Non saltate a conclusioni affrettate,
perché comununque manca ancora un po' alla vera fine della
storia.
Alla fine sono riuscita a far litigare
Aomine e Kise ancor prima di inserire qualsiasi bacio, questo
perché
... beh, il rapporto fra loro è molto complicato in questo
momento
(e presto toccherà il suo apice, anzi, il fondo).

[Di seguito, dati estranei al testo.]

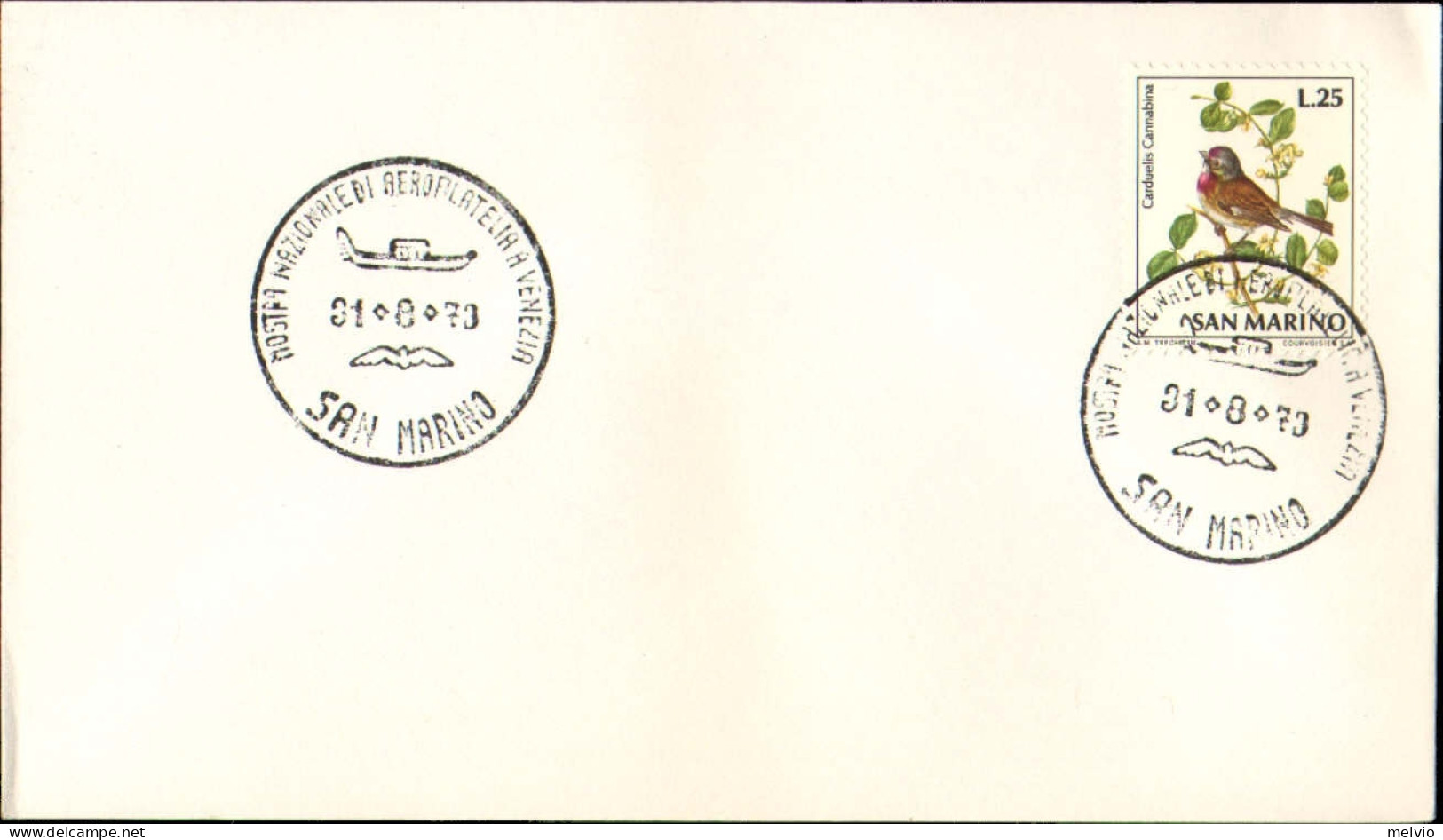 1973-San Marino Busta Affrancata Con Annullo Speciale Posta Nazionale Di Aereo F - Poste Aérienne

Sembra che Kagami e Momoi si siano
alleati e francamente non ho idea se la cosa possa durare o meno
(secondo il mio parere, però, ci sono buone
probabilità, visto che
hanno entrambi caratteri buoni).
Credo che prima della prossima rubrica
scriverò altri due capitoli (anche se ora come ora voglio
tornare a
concentrarmi su Hall of Fame).
Attualmente ci sono alleanze davvero
strane: Akashi ne ha create due, una con Midorima e una con Aomine,
Kagami e Momoi sembrano aver trovato l'intesa e Kise e Murasakibara
sono completamente isolati. E Himuro?